WORK REQUEST
Could you reproduce, from the records below, everything from the line with "LUTTI 3,0KG AARDBEIEN" down to the line with "Sweet Guilty Love Chapter 14 Page 51", keeping both of those lines and changing nothing?

DATA FOR THIS TASK
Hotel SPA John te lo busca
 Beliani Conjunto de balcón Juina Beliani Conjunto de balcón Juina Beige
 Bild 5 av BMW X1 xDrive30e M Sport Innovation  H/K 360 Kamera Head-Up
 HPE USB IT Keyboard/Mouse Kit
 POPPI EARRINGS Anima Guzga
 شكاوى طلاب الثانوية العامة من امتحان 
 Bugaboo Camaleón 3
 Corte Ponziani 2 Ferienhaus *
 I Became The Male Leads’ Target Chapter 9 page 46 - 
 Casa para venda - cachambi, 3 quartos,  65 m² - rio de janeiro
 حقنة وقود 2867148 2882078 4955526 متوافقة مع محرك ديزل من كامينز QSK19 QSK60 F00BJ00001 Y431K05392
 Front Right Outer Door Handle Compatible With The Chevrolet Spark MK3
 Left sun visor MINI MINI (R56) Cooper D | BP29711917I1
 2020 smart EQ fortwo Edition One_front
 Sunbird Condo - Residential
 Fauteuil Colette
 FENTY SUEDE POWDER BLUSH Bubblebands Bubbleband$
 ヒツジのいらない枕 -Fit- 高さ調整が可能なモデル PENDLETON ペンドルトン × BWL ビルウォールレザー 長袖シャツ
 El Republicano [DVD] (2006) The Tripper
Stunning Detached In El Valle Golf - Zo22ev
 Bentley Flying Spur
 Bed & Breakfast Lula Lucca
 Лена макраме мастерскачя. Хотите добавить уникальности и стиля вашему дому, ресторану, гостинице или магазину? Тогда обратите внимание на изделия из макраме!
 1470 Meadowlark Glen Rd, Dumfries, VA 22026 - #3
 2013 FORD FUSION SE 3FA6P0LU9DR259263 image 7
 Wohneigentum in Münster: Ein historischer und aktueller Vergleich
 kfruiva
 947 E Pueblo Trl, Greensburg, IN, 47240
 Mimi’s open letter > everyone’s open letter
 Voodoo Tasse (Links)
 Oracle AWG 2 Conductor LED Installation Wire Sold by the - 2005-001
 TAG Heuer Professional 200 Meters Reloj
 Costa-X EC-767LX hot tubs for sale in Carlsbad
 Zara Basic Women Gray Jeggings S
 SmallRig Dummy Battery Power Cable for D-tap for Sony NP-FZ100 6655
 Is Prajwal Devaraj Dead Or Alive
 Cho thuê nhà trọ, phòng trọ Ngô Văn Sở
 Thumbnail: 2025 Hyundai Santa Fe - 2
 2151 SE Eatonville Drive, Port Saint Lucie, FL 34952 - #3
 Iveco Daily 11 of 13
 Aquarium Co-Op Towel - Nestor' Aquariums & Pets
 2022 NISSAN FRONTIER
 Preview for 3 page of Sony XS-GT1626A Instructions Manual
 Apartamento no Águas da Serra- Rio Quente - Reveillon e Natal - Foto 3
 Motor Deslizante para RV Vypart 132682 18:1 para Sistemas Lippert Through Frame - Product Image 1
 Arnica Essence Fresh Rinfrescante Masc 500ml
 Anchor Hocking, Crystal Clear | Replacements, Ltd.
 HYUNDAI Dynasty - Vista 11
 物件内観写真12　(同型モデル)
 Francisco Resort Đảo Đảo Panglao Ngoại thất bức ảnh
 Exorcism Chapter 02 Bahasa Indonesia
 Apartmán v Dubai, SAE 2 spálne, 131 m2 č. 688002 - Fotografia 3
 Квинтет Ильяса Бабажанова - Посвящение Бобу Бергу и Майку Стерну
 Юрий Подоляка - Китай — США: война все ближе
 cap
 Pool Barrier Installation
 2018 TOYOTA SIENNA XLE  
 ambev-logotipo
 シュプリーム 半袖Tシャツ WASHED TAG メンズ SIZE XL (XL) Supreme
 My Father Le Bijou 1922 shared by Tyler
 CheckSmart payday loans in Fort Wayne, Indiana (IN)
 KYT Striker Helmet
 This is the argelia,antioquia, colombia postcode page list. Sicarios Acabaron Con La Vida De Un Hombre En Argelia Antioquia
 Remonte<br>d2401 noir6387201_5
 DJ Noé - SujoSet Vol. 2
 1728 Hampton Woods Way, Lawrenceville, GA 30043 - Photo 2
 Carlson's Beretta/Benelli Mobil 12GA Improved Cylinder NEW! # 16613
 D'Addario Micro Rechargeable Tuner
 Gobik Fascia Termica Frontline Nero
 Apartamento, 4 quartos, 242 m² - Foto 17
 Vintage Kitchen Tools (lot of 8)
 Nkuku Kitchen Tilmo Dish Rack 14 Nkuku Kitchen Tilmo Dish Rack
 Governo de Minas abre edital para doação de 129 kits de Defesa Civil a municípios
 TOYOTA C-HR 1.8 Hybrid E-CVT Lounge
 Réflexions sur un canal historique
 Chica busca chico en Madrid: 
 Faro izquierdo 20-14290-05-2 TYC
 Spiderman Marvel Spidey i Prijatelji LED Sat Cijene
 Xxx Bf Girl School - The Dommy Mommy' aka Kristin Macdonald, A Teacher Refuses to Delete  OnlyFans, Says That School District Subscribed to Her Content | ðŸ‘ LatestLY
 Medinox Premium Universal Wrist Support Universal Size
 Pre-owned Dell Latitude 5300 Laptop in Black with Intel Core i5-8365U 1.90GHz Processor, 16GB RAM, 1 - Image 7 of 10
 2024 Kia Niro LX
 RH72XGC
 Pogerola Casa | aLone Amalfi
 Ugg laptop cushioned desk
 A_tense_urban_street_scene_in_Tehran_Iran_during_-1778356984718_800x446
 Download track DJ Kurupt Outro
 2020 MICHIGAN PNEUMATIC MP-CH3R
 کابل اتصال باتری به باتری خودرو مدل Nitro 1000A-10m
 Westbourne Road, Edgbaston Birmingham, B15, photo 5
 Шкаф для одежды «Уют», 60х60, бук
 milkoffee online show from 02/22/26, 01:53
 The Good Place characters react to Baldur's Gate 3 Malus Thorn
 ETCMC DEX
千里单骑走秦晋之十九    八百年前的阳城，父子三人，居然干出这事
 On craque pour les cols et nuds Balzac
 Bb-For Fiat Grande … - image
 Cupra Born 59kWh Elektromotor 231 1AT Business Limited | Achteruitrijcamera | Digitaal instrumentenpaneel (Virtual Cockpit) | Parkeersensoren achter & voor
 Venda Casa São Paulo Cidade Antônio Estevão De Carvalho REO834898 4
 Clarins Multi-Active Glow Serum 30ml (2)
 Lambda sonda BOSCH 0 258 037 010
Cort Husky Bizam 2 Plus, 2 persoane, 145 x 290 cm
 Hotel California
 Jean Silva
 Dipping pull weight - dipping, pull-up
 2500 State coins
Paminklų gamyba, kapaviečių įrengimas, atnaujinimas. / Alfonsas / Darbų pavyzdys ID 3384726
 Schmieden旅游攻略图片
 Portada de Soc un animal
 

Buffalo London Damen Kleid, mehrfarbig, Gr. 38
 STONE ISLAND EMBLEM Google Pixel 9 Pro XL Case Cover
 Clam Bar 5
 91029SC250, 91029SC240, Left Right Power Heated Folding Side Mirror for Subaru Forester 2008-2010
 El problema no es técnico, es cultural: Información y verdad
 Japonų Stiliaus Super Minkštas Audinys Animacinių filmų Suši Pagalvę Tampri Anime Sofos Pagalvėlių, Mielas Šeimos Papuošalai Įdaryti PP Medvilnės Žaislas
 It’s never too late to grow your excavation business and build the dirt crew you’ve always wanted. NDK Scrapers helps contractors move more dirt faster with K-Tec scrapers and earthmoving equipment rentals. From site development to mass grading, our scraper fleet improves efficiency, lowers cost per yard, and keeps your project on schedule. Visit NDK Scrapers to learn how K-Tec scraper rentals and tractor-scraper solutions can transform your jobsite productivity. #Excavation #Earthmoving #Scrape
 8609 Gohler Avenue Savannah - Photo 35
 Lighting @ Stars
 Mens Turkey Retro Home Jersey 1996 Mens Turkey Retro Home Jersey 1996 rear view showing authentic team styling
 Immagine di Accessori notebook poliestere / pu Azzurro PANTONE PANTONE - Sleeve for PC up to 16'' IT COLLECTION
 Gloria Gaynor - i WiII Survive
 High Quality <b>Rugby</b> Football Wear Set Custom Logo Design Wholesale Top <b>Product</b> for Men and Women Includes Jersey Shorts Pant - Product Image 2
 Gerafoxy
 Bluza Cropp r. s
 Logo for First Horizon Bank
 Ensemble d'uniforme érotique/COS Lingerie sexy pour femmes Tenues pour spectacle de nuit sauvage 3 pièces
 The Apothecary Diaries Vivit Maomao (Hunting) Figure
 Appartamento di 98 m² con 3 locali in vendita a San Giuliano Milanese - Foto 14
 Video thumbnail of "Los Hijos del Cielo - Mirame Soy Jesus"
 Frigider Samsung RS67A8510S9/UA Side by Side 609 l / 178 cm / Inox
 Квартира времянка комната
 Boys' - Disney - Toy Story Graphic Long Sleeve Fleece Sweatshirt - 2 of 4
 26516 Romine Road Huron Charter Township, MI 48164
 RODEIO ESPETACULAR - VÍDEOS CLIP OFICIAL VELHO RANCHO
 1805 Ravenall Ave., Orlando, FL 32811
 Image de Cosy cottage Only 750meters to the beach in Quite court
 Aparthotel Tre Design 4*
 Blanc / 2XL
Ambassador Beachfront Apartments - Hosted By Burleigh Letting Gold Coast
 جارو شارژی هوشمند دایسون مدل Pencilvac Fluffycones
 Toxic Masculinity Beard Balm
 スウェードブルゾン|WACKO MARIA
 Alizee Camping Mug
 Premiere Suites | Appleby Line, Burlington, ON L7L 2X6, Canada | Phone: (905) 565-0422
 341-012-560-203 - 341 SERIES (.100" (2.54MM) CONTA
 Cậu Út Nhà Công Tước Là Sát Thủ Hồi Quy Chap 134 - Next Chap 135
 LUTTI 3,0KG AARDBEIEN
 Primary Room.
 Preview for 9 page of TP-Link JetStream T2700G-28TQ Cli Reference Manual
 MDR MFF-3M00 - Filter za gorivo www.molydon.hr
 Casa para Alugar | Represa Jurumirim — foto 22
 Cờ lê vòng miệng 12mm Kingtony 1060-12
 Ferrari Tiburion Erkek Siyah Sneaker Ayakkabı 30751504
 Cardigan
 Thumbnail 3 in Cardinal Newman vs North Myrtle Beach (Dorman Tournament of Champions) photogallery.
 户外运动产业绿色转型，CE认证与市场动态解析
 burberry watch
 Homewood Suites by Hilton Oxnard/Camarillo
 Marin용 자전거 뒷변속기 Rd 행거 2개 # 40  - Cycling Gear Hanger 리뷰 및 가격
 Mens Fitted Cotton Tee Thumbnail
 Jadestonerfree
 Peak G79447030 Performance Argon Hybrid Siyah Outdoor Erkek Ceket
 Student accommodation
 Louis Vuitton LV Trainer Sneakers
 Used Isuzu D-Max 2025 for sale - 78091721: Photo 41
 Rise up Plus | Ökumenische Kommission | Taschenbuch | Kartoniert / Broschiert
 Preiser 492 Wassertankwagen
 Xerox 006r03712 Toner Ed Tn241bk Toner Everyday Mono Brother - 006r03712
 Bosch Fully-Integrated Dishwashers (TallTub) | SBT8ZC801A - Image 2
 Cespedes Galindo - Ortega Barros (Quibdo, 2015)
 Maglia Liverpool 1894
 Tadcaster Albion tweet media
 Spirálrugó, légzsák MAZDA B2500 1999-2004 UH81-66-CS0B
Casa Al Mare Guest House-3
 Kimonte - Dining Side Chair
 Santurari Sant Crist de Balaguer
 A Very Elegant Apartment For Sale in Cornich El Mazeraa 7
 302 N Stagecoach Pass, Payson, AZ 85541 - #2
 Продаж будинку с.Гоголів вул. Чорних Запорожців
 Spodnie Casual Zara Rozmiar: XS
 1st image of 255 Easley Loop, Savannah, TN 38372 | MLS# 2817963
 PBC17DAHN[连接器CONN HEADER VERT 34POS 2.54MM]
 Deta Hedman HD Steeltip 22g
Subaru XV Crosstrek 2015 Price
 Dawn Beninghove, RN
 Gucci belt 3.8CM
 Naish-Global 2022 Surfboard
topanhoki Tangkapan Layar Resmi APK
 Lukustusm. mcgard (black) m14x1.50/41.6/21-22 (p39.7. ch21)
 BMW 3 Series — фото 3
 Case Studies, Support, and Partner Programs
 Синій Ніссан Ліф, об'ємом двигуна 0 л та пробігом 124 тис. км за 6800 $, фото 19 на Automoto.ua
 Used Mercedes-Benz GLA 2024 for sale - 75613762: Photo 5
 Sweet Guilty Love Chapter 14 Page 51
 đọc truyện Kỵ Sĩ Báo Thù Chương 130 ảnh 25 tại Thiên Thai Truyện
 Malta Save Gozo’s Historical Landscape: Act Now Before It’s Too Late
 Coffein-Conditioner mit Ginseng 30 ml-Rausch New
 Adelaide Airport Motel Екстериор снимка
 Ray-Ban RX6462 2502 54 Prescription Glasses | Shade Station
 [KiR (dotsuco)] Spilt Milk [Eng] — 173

ANSWER FOR THIS EXERCISE
 LUTTI 3,0KG AARDBEIEN
 Primary Room.
 Preview for 9 page of TP-Link JetStream T2700G-28TQ Cli Reference Manual
 MDR MFF-3M00 - Filter za gorivo www.molydon.hr
 Casa para Alugar | Represa Jurumirim — foto 22
 Cờ lê vòng miệng 12mm Kingtony 1060-12
 Ferrari Tiburion Erkek Siyah Sneaker Ayakkabı 30751504
 Cardigan
 Thumbnail 3 in Cardinal Newman vs North Myrtle Beach (Dorman Tournament of Champions) photogallery.
 户外运动产业绿色转型，CE认证与市场动态解析
 burberry watch
 Homewood Suites by Hilton Oxnard/Camarillo
 Marin용 자전거 뒷변속기 Rd 행거 2개 # 40  - Cycling Gear Hanger 리뷰 및 가격
 Mens Fitted Cotton Tee Thumbnail
 Jadestonerfree
 Peak G79447030 Performance Argon Hybrid Siyah Outdoor Erkek Ceket
 Student accommodation
 Louis Vuitton LV Trainer Sneakers
 Used Isuzu D-Max 2025 for sale - 78091721: Photo 41
 Rise up Plus | Ökumenische Kommission | Taschenbuch | Kartoniert / Broschiert
 Preiser 492 Wassertankwagen
 Xerox 006r03712 Toner Ed Tn241bk Toner Everyday Mono Brother - 006r03712
 Bosch Fully-Integrated Dishwashers (TallTub) | SBT8ZC801A - Image 2
 Cespedes Galindo - Ortega Barros (Quibdo, 2015)
 Maglia Liverpool 1894
 Tadcaster Albion tweet media
 Spirálrugó, légzsák MAZDA B2500 1999-2004 UH81-66-CS0B
Casa Al Mare Guest House-3
 Kimonte - Dining Side Chair
 Santurari Sant Crist de Balaguer
 A Very Elegant Apartment For Sale in Cornich El Mazeraa 7
 302 N Stagecoach Pass, Payson, AZ 85541 - #2
 Продаж будинку с.Гоголів вул. Чорних Запорожців
 Spodnie Casual Zara Rozmiar: XS
 1st image of 255 Easley Loop, Savannah, TN 38372 | MLS# 2817963
 PBC17DAHN[连接器CONN HEADER VERT 34POS 2.54MM]
 Deta Hedman HD Steeltip 22g
Subaru XV Crosstrek 2015 Price
 Dawn Beninghove, RN
 Gucci belt 3.8CM
 Naish-Global 2022 Surfboard
topanhoki Tangkapan Layar Resmi APK
 Lukustusm. mcgard (black) m14x1.50/41.6/21-22 (p39.7. ch21)
 BMW 3 Series — фото 3
 Case Studies, Support, and Partner Programs
 Синій Ніссан Ліф, об'ємом двигуна 0 л та пробігом 124 тис. км за 6800 $, фото 19 на Automoto.ua
 Used Mercedes-Benz GLA 2024 for sale - 75613762: Photo 5
 Sweet Guilty Love Chapter 14 Page 51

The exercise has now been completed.